Reply
Member
Posts: 211
Registered: ‎05-21-2013
Kudos: 264
Solutions: 8
Contributions: 3

Re: EdgeMax rescue kit (now you can reinstall EdgeOS from scratch)

Perhaps I should make it a "Reboot now? Y/N" dialog.

Also, will look into the mkfs oddities. It's been a while since the last release, probably it's time to review and improve it.

New Member
Posts: 19
Registered: ‎07-03-2014
Kudos: 1

Re: EdgeMax rescue kit (now you can reinstall EdgeOS from scratch)

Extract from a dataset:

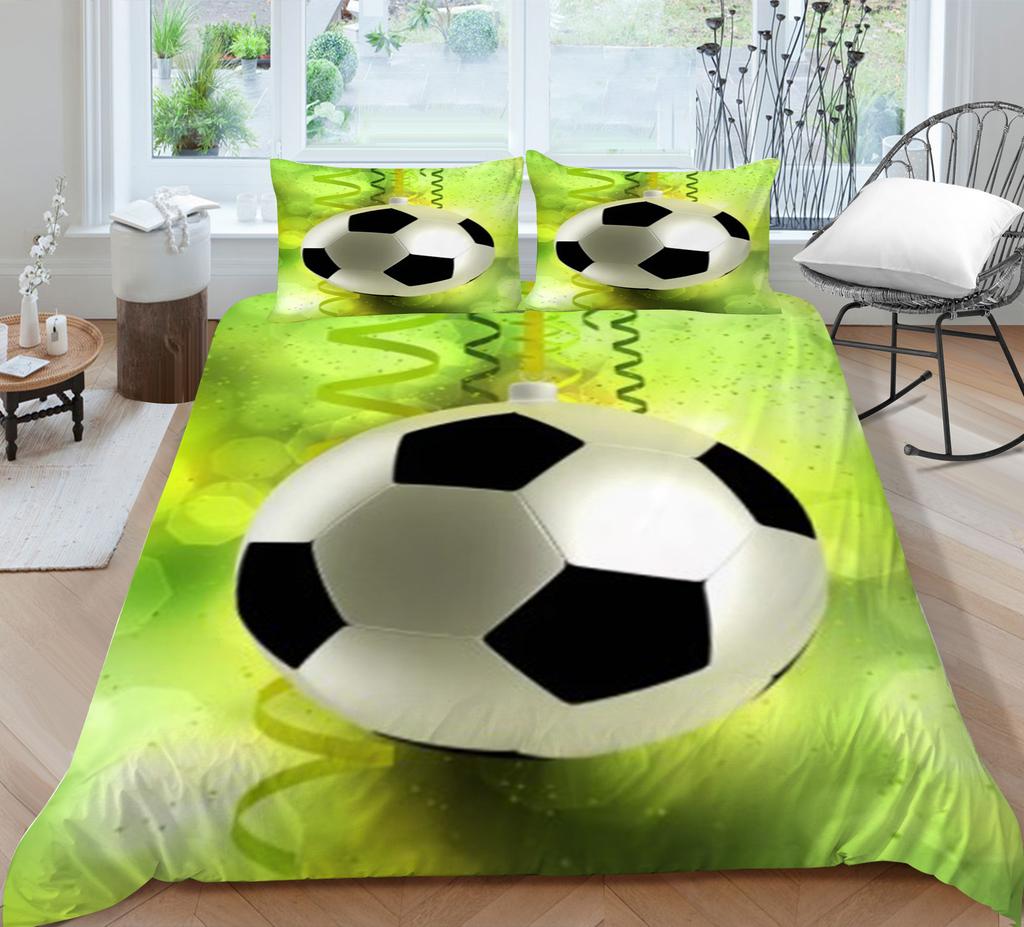 Пододеяльник Наволочка Двух- или Трехпредметный Серия Футбол 3D Цифровая Печать Полиэстер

That would be awesome.....and a huge THANK YOU!!!!  You saved me from having to do two RMA's (I also need these routers for an install tomorrow).

New Member
Posts: 20
Registered: ‎08-06-2013
Kudos: 11

Re: EdgeMax rescue kit (now you can reinstall EdgeOS from scratch)

HI

the upgrade from 1.50.beta2 to 1.5.0 bricked my ERL. Searching around i found this thread. But wouldnt it be faster by just dd an image onto a drive like shown here : http://rtfm.net/FreeBSD/ERL/ -i just tried it with another stick and it workd nice. But the system images from UBNT cannot be flashed like this . At least i didnt find a tutorial and the content is the kernel and a squasfs so i jut wanted to inform you that is is easier that you just plug in the stick into your computer and do the following.

 

--- everything done on MacOSX  with the orginal USB stick ---

Open the ERL with a Philips Screwdriver

unplug the USB stick

plug it into your mac

untar the ER image.

cp vmlinux.tmp /Volumes/Untitled/vmlinux.64

cp squashfs.tmp /Volumes/Untitled/squasfs.img

replug into your ERL and reboot.

--------

 

Now your are back. Interesting wise it still mentions that im on 1.5.0beta2 even that i copied the final to the stick.

 

Hope this helps also others

Member
Posts: 211
Registered: ‎05-21-2013
Kudos: 264
Solutions: 8
Contributions: 3

Re: EdgeMax rescue kit (now you can reinstall EdgeOS from scratch)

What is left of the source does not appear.